OK. Sorry, my circuits obviously didn't work well.

> > > +            crm_attribute -t nodes -l reboot --node=$node -n $attr -v 
> > > "$3"
> > > +            rc=$?
> > > +            ocf_log info "DB2 instance $instance($db2node/$db: setting 
> > > attrib for FAL to $FIRST_ACTIVE_LOG @ $node"
> > > +            [ $rc != 0 ] && break
> > > +        done
> > 
> > How about just (without loop):
> > 
> >            crm_attribute -t nodes -l reboot -n $attr -v "$3"
> > 
> > Note that the node value defaults to the node where you run the
> > command.
> > 
> 
> See above.
> 
> > If you want to check if this node is really a member:
> > 
> >     crm_node -l | grep -qs " $me member$" ||
> >             ocf_log err "bad usage: we are not member of the cluster"
> > 
> > But perhaps that's not necessary.
> >
> > >          ;;
> > >  
> > >          get)
> > > -        crm_attribute -t crm_config -n $attr -G -Q 2>&1
> > > -        ;;
> > > -
> > > -        delete)
> > > -        # -D is noisy to stdout
> > > -        crm_attribute -t crm_config -n $attr -D > /dev/null
> > > +        crm_attribute -t nodes -l reboot -n $attr -G -Q 2>&1
> > > +        rc=$?
> > > +        if [ $rc != 0 ]
> > > +        then
> > > +            ocf_log warn "DB2 instance $instance($db2node/$db: can't 
> > > retrieve attribute $attr, are you sure notifications are enabled ?"
> > > +        fi
> > >          ;;
> > >  
> > >          *)
> > >          exit $OCF_ERR_CONFIGURED
> > >      esac
> > > +
> > > +    return $rc
> > >  }
> > >  
> > >  #
> > > @@ -362,7 +386,7 @@
> > >          ocf_log info "DB2 instance $instance($db2node) started: $output"
> > >      else
> > >          case $output in
> > > -            SQL1026N*)
> > > +            *SQL1026N*)
> > >              ocf_log info "DB2 instance $instance($db2node) already 
> > > running: $output"
> > >              ;;
> > >  
> > > @@ -394,6 +418,10 @@
> > >          if [ $HADR_ROLE = PRIMARY ]
> > >          then
> > >              local master_fal
> > > +
> > > +            # communicate our FAL to other nodes the might start 
> > > concurrently
> > > +            db2_fal_attrib $db set $FIRST_ACTIVE_LOG
> > > +
> > >              if master_fal=$(db2_fal_attrib $db get) && [ "$master_fal" 

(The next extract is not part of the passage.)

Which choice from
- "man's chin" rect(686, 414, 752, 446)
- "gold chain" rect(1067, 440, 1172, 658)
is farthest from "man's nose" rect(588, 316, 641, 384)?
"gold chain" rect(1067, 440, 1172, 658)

> > > '>' $FIRST_ACTIVE_LOG ]
> > >              then
> > >                  ocf_log info "DB2 database $instance($db2node)/$db is 
> > > Primary and outdated, starting as secondary"
> > > @@ -417,8 +445,12 @@
> > >                  ocf_log err "Possible split brain ! Manual intervention 
> > > required."
> > >                  ocf_log err "If this DB is outdated use \"db2 start hadr 
> > > on db $db as standby\""
> > >                  ocf_log err "If this DB is the surviving primary use 
> > > \"db2 start hadr on db $db as primary by force\""

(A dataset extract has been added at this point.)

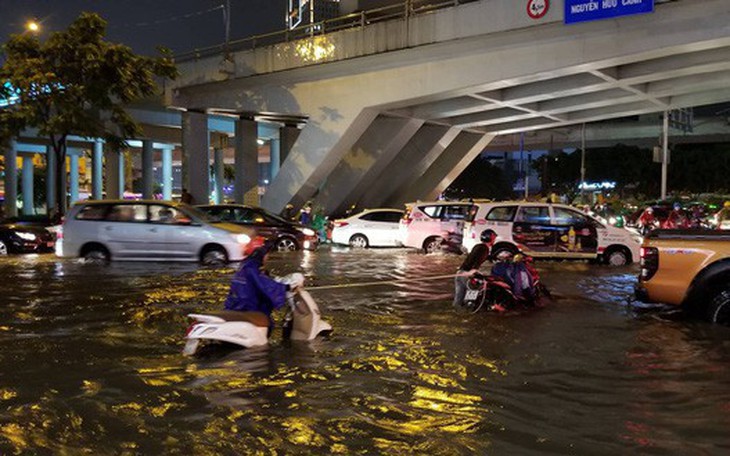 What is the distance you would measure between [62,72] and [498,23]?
48.6ft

> > > -                # should we return OCF_ERR_INSTALLED instead ?
> > > -                # might be a timing problem
> > > +
> > > +                # might be a timing problem because "First active log" 
> > > is delayed
> > > +                # sleep long so we won't end up in a high speed retry 
> > > loop
> > > +                # lrmd will kill us eventually on timeout
> > > +                # on the next start attempt we might succeed when FAL 
> > > was advanced
> > > +                sleep 36000
> > 
> > Perhaps you should still remove this sleep. If there's nothing
> > that can be done without administrator intervention, then better
> > exit soon and let the cluster try to recover whichever way it can
> > (depending also on how it is configured).
> > 
> 
> Yes, but we can end up in a "high speed" restart loop. Instead of
> putting in some random sleep I felt that relying on the administrator's
> timeout choice is better. 

Well, the RA should always tell the truth and in this case it
gives an impression that there was a timeout even though there
wasn't one. What is it actually that should or shouldn't happen
at this point? Does it want to say: "I cannot be started anymore
on this node"? Is that just a temporary condition? BTW, even if
it gets into a restart loop, that cannot make things any worse,
right? I can't say really, but somehow doing an artificial
timeout doesn't look right.

> > >                  return $OCF_ERR_GENERIC
> > >                  ;;
> > >  
> > > @@ -449,7 +481,7 @@
> > >          ocf_log info "DB2 instance $instance($db2node) stopped: $output"
> > >      else
> > >          case $output in
> > > -            SQL1032N*)
> > > +            *SQL1032N*)
> > >              #SQL1032N  No start database manager command was issued
> > >              ocf_log info "$output"
> > >              ;;
> > > @@ -510,11 +542,11 @@
> > >  
> > >      if [ $stoprc -ne 0 ]
> > >      then
> > > -        ocf_log warn "DB instance $instance($db2node): db2stop failed, 
> > > using db2nkill"
> > > +        ocf_log warn "DB2 instance $instance($db2node): db2stop failed, 
> > > using db2nkill"
> > >          must_kill=1
> > >      elif ! db2_instance_dead
> > >      then
> > > -        ocf_log warn "DB instance $instance($db2node): db2stop indicated 
> > > success but there a still processes, using db2nkill"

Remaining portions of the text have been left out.